Painting by Jean-Michel Basquiat and Andy Warhol

Zenith is a painting created by American artists Jean-Michel Basquiat and Andy Warhol in 1985. It sold for $11.4 million at Phillips in May 2014, the highest price paid at auction for a Warhol-Basquiat collaboration.

==History==
Andy Warhol and Jean-Michel Basquiat were formally introduced by art dealer Bruno Bischofberger in October 1982. They became creative partners and their prolific friendship defined the 1980s New York art scene. Artist Ronnie Cutrone, assistant to Warhol, said: "It was like some crazy art-world marriage and they were the odd couple. The relationship was symbiotic. Jean-Michel thought he needed Andy’s fame and Andy thought he needed Jean-Michel’s new blood. Jean-Michel gave Andy a rebellious image."
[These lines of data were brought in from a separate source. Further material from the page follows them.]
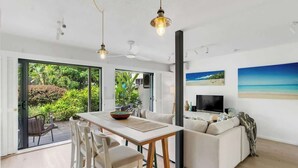 A modern living room with a dining area, a sofa, and a TV.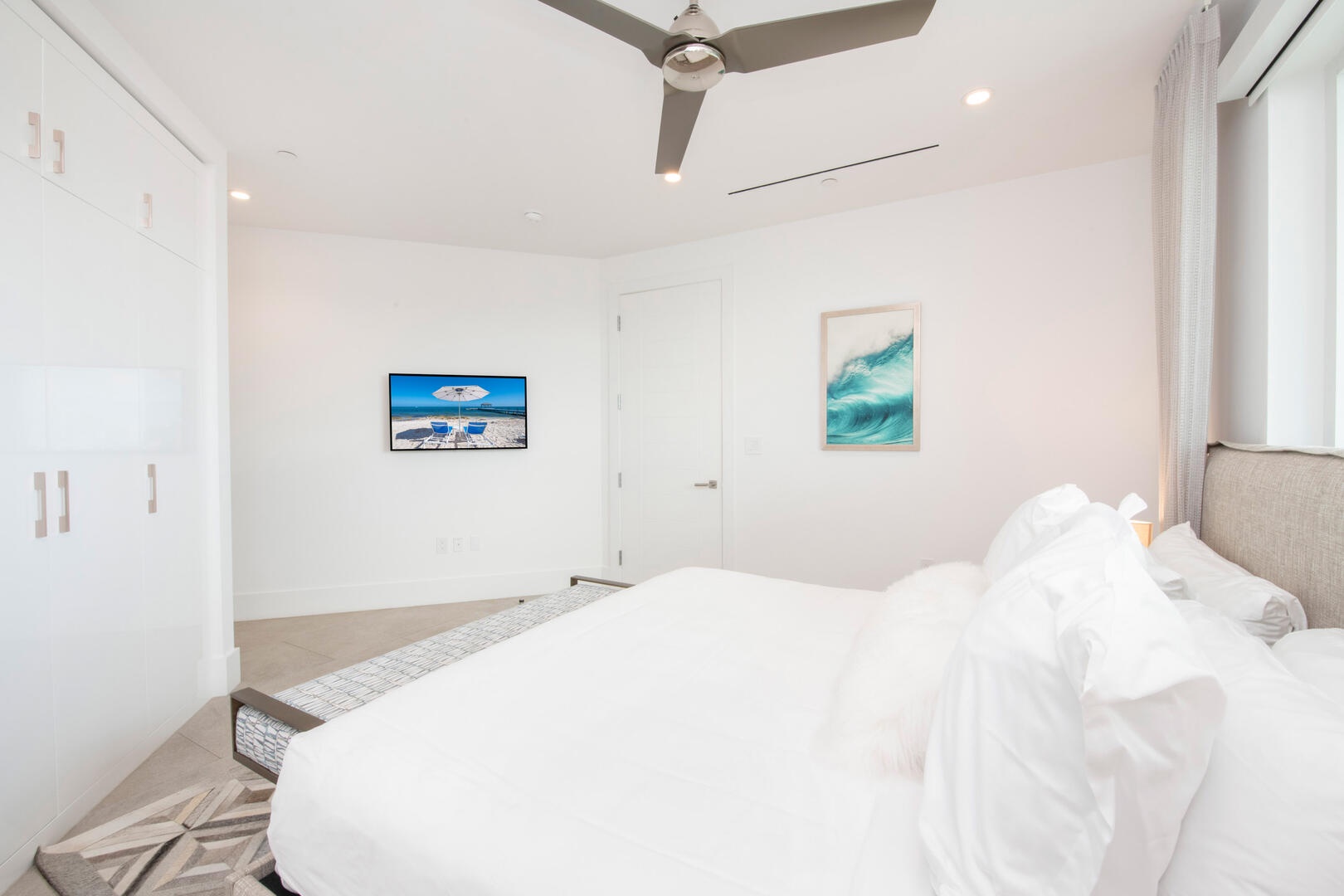 Guest Suite with SmartTV, walk-in closet.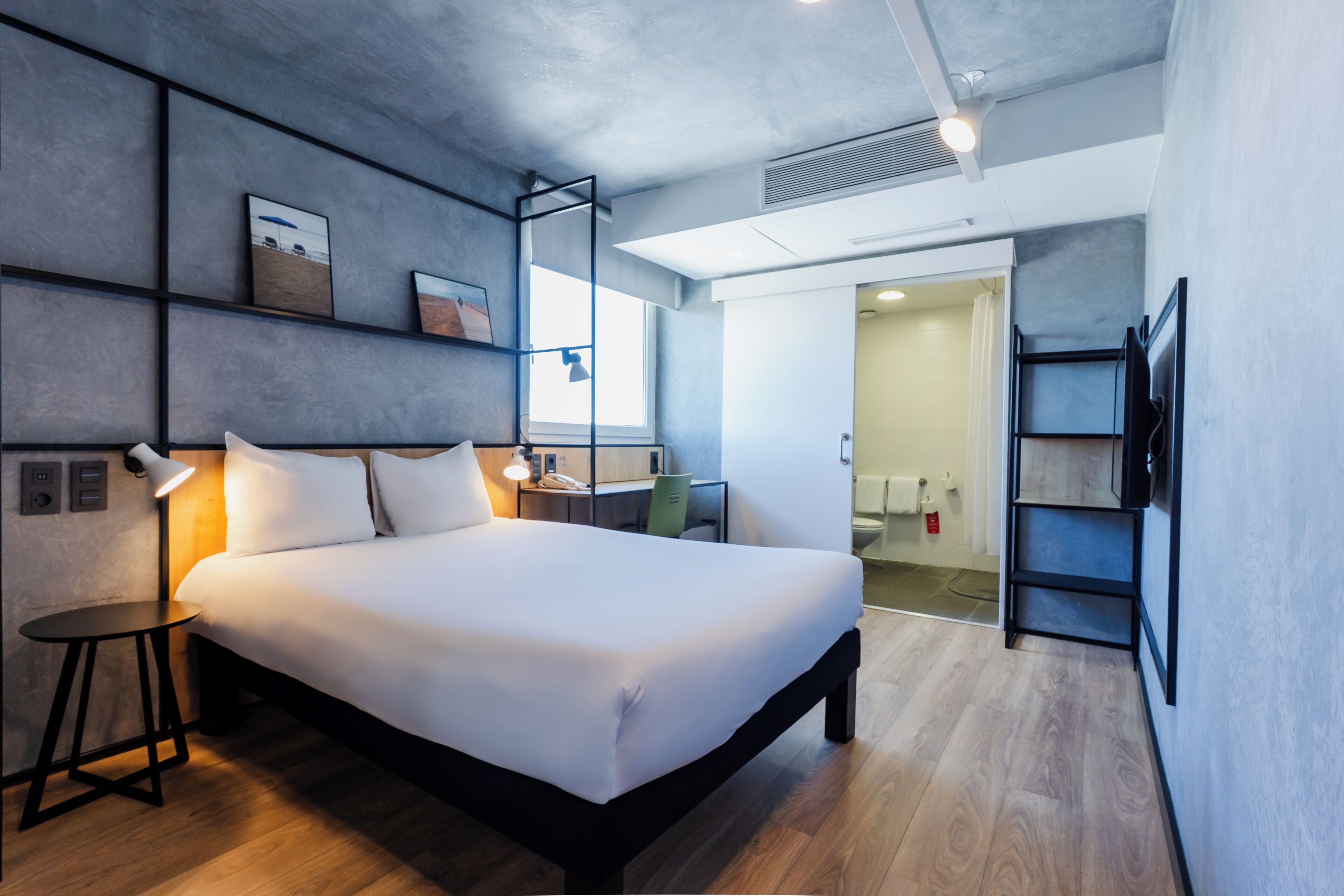 Ein modernes Hotelzimmer mit einem großen Bett, Nachttisch, Lampe und einem Schreibtisch mit Stuhl.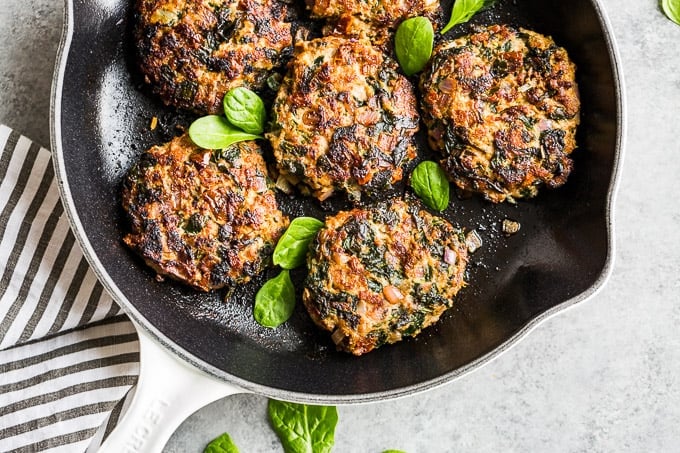 Cooked turkey burgers all browned with crispy edges!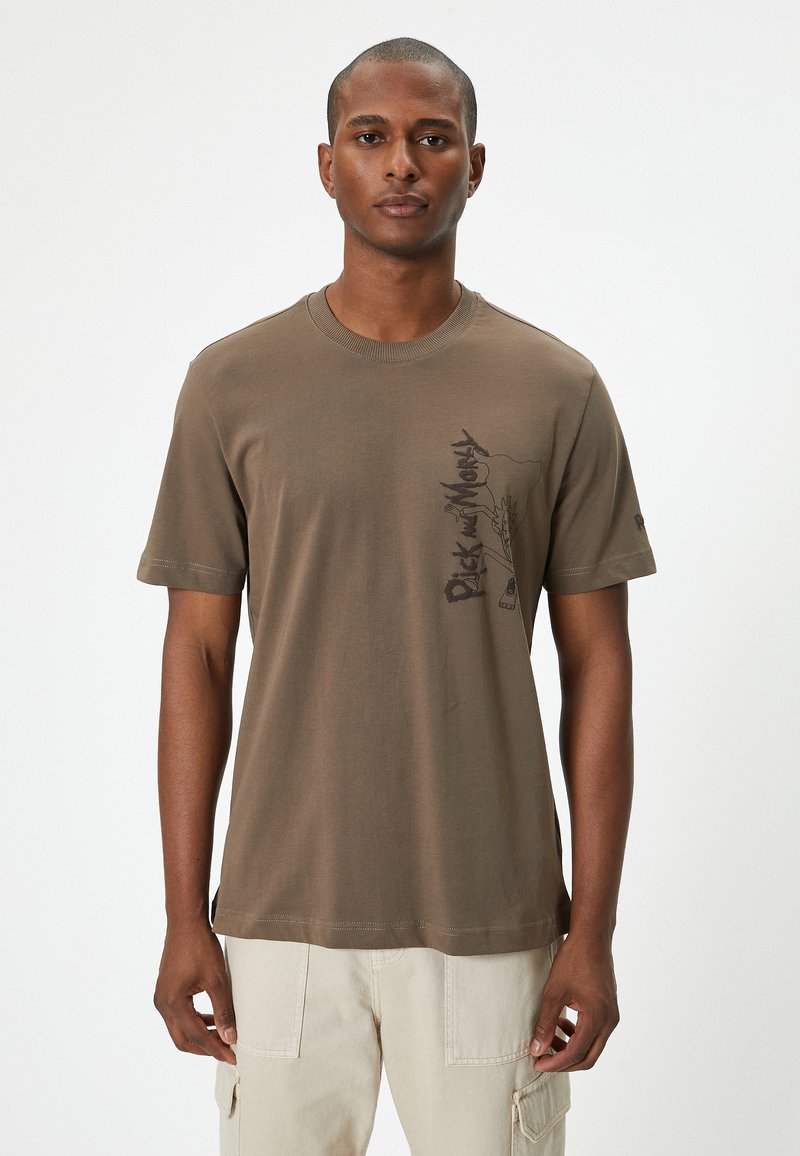 Olivenfarvet bomulds T-shirt med korte ærmer, rund halsudskæring og et grafisk print på venstre side, der viser tekst og abstrakt design.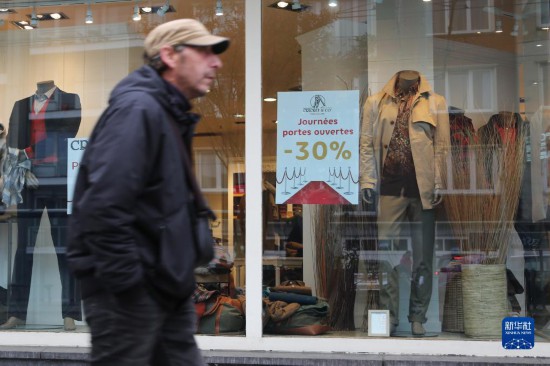   10月31日，一名男子從比利時(shí)布魯塞爾一家貼有打折信息的店鋪前走過。新華社記者 趙丁喆 攝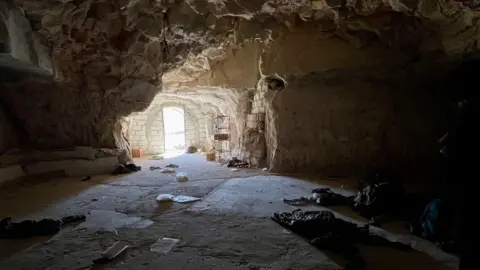 A cave. The image is shot from the inside, with light streaming in through the opening to the cave on the far side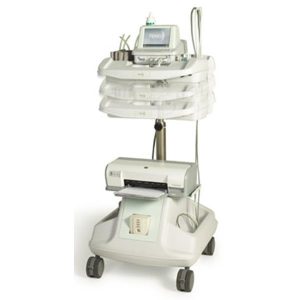 The image shows a medical device on a mobile cart with a monitor displaying information, likely used for patient monitoring or treatment.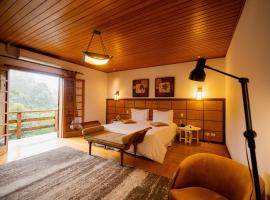 Pousada Apple House Campos do Jordao，位于坎波斯杜若尔当的酒店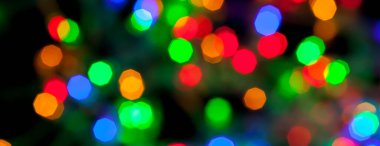 çok renkli Noel ve yeni yıl ışıklarının panorama bokeh dokusu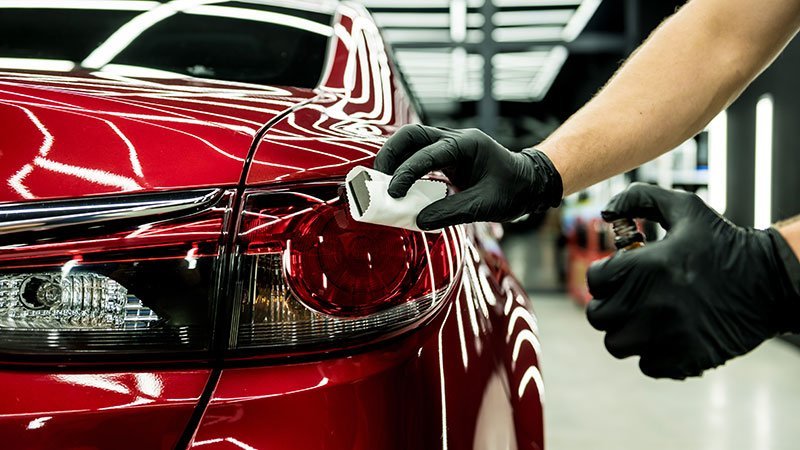 Person applying ceramic coating to a red car's taillight in a garage.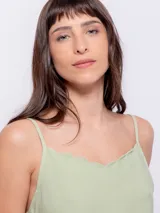 Top color durazno de breteles finos y escote con terminación ondulada.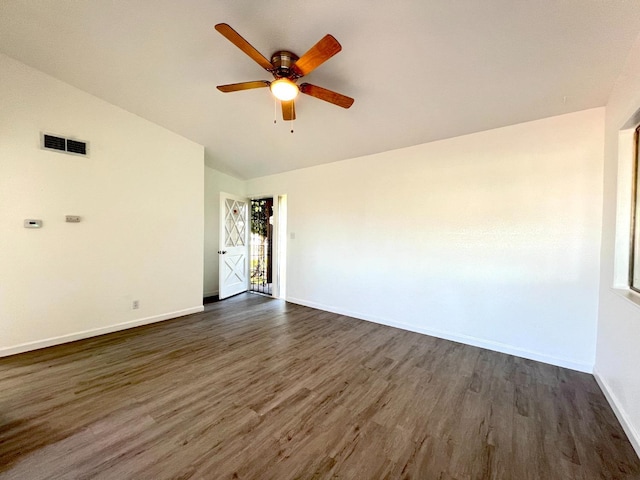 empty room with lofted ceiling, dark wood-type flooring, and ceiling fan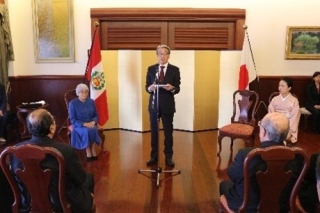 Consejera Saito sentada, atenta a las palabras de felicitaciones del Embajador que se encuentra de pie.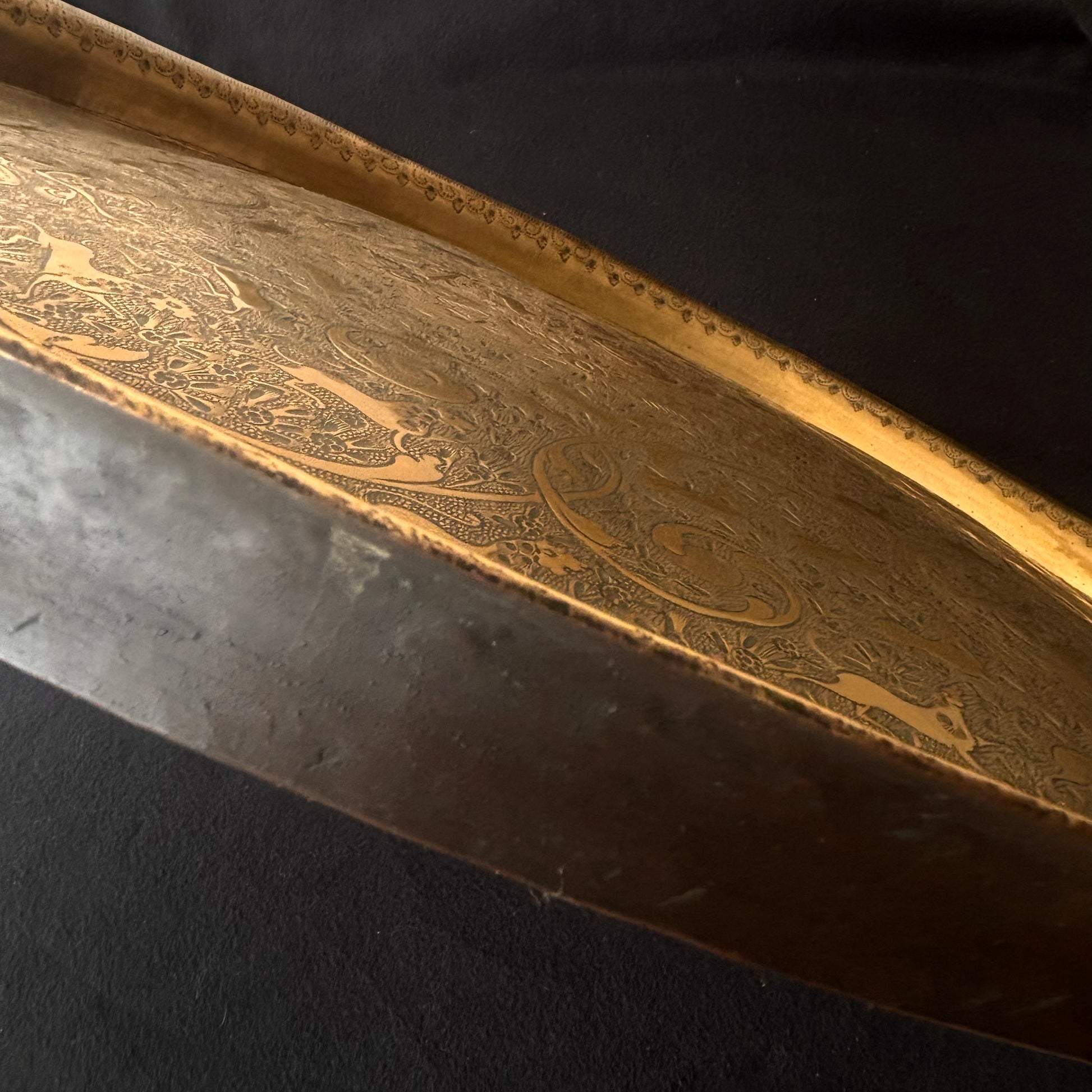 Side profile showing domed form of antique Kashmiri brass tray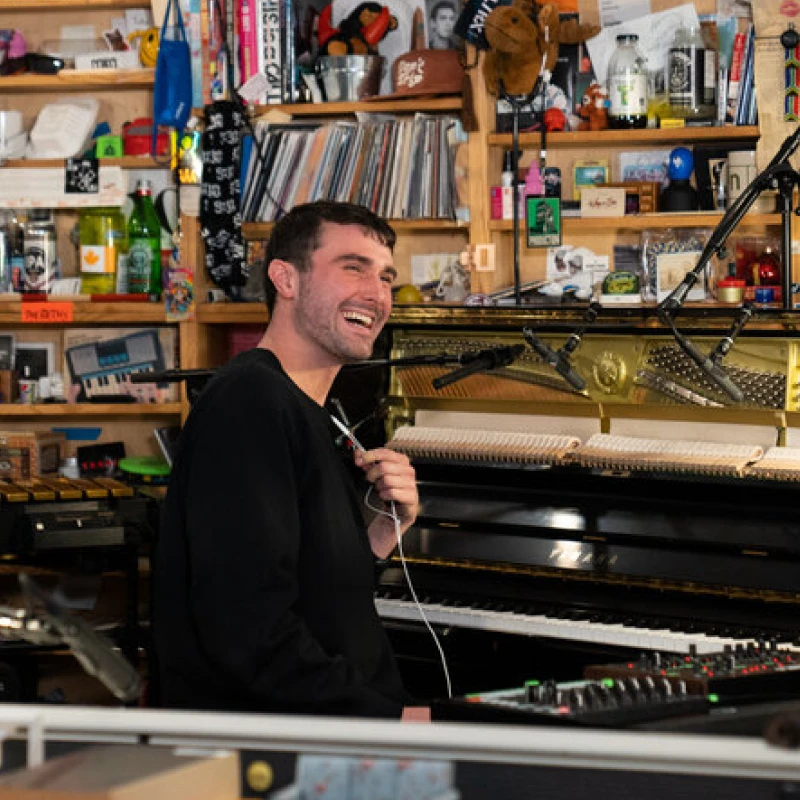 A photograph of Fred again... in the studio smiling looking back towards someone out of frame.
From 1984 to 1985, Warhol and Basquiat created a series of large paintings together. Their collaborations ended after their joint exhibition, Paintings, at the Tony Shafrazi Gallery drew poor reviews in September 1985. Their collaborative works merged their two styles. Warhol would start by painting a commercial image and then Basquiat would add his own flare. Describing the process, Basquiat said: "He would put something very concrete or recognizable, like a newspaper headline or a product logo, and I would sort of deface it, and then I would try to get him to work some more on it, and then I would work more on it." Zenith is titled after electronics company Zenith, whose red logo is centered on the canvas. It sold for $11.4 million at the Phillips Contemporary Art Evening Sale in May 2014, becoming the most expensive painting from their collaborations sold at auction.

==Exhibitions==
Zenith has been exhibited at the following art institutions:

- Warhol-Basquiat: Collaborations at Didier Imbert Fine Art in Paris, September 29–November 25, 1989.
- Collaborations – Warhol/Basquiat/Clemente at Fridericianum in Kassel, Germany, February–May 1996; Villa Stuck in Munich, Germany, July–September 1996; Museo d'Arte Contemporanea, Castello di Rivoli, in Italy, October 1996–January 1997.
- Andy Warhol: A Factory at Kunstmuseum Wolfsburg in Wolfsburg, October 1998–January 1999; Palais des Beaux-Arts in Brussels, May 1999–September 1999); Guggenheim Museum in Bilbao, October 1999–April 2000.
- Warhol, Basquiat, Clemente: Obras En Colaboracion at Museo Nacional Centro de Arte Reina Sofía in Madrid, Spain, February–April 2002.
- The Andy Warhol Show at Fondazione La Triennale di Milano in Italy, September 2004–January 2005.
- Skulls at Galerie Bruno Bischofberger in Zurich, December 2005–February 2006.